Conference

At SMEF’s Brick Group of Institutes, conferences form a vital part of our academic vision and culture. Established in 2013 and affiliated with Savitribai Phule Pune University, Pune, the institution has rapidly grown to rank among India’s top 25 architecture colleges. In just over a decade, Brick has emerged as Maharashtra’s preferred destination for architectural education grounded in research-oriented pedagogy, inclusivity, and a learner-centered approach.

A International conference on

Blurred Boundaries

Rethinking Cultural Dimensions in Architecture
7th, 8th, 9th February

2025.

Blurred Boundaries 2.0__2025
Blurred Boundries _ISOAI_2021 Dossier

Our campus brings together students from diverse socio-economic and cultural backgrounds, creating a rich environment for dialogue and exchange. This diversity, combined with our commitment to academic rigor, has positioned us to host conferences that are dynamic, relevant, and forward-looking. Over the years, our collaborations with universities across the globe have further strengthened our conference platform, enabling international participation through knowledge-sharing, competitions, research initiatives, workshops, and scholarly discourse.

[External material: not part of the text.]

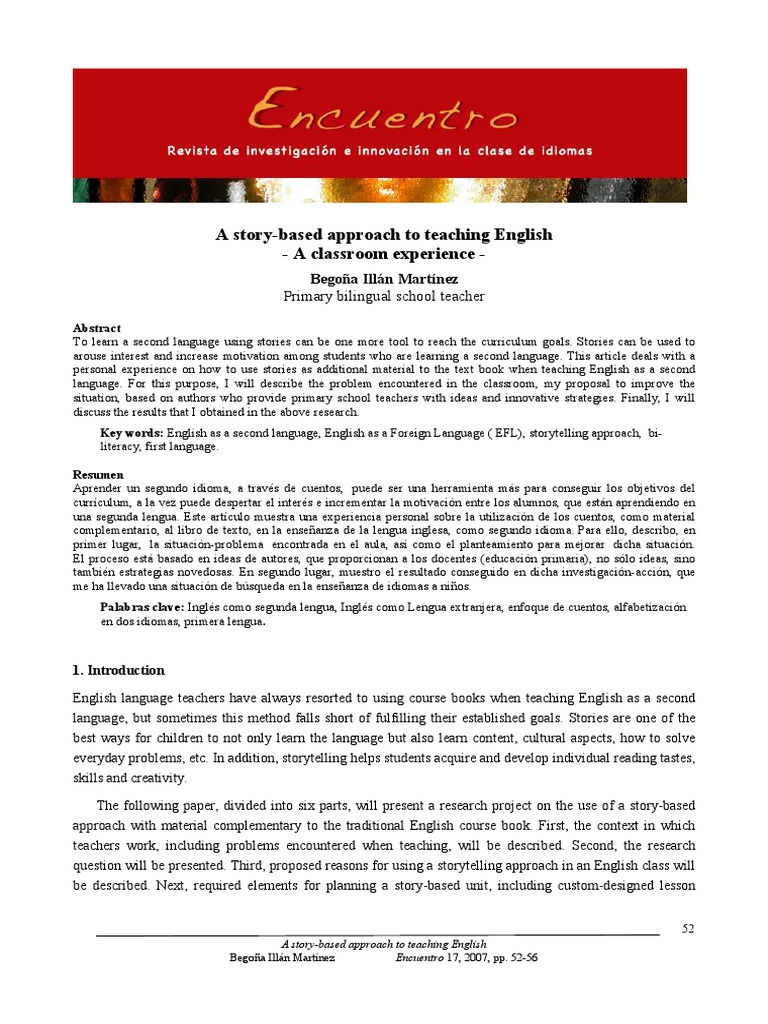 A story based approach to teach english pdf cuentacuentos plan de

Through these conferences, Brick aims to foster critical engagement, interdisciplinary thinking, and a culture of inquiry, empowering both students and faculty to connect with global perspectives and contribute meaningfully to the evolving field of architecture.

List of the conferences

Call for papers

Building on the first conference ‘In search of an Identity’, the second Blurred Boundaries conference delves into how culture, nature, and human values influence architectural design. Amidst climate change, technological shifts, and cultural disruptions, this conference engages interdisciplinary experts to rethink and redefine architecture’s role in addressing cultural dimensions for a sustainable future.
All interested academicians, researchers, practitioners, and students are invited to submit papers in the following themes. The themes have been broadly grouped as follows.

Subthemes

The Place of “knowledge and perception”

This theme focuses on the creation of knowledge.
Wisdom of “being” in the world comes by the perception of knowledge. Over the years various terms from indigenous to modern have been referred to that offer a wisdom of looking at the phenomenal world and envisioning any action of creating a habitat. Do such value based actions convey reverence, continuation of acquired knowledge of existence and create a sacred, religious, cultural, symbolic experiences of landscapes? Does memory mean only of the individual or of family, community, seasons, geography and even those aspects that are intangible? Is sustainable development inherently integrated in this wisdom? Do we need to invent techniques of drawings, documentations to capture the subtle aspects of this wisdom and how should those be represented? How does local – global dichotomy feature in this? How can this acquired or collective wisdom of humanity be envisioned for addressing contemporary global challenges related to climate, culture and people.

Keywords:

  • Indigenous knowledge; perception; values; traditions; continuities
  • symbolism; memory;
  • context; place; environment;
  • collective experience; local histories; local – global relationship;
  • interpreting sustainability;
  • documenting and recording

The Place of appropriate “Intervention”

This theme focuses on the idea of ‘intervention’ done by a designer.
What is the role of policies, planning and designing for conceiving appropriate intervention on cultural landscapes? How would contemporary policies of planning and designing help to address current concerns of global climate crisis and related built environment issues, information explosion and rapid changes in technology? How should intervention be conceived and applied if a designer happens to be from another context in terms of sensibilities or values or skill sets? What should infrastructural development mean for places having rich traditions of culture, sacrednes, religion or such other intangible value? What sensitivities are demanded from a professional who is compelled to respond to diversity of cultures, geographies and histories? How would sustainable development goals be envisioned and applied to intervene appropriately in a cultural landscape? How can academic institutions and professional bodies collaborate to define an appropriate intervention strategy? This theme is intended to express the mentioned concerns.

Keywords:

  • defining appropriate intervention strategy;
  • intervention informed by designers;
  • relationship of intervention strategy to place, community, technology;
  • defining sustainable intervention approaches;
  • handling diversity and inclusion;
  • responding to global challenges, changing aspirations and technology

Eligibility

Academicians, Professionals and Students from backgrounds of Architecture, Urban design, sociology, geography, architecture, landscape architecture Planning, Conservation, Anthropology, etc.
Abstracts will be published in the Conference proceedings book, with an ISBN number.
The selected papers will be presented during the conference under the specified themes.
A few handpicked papers will be further published in highly indexed journals (Scopus, Web of Science, UGC CARE).
E-certificates will be awarded to all authors and delegates.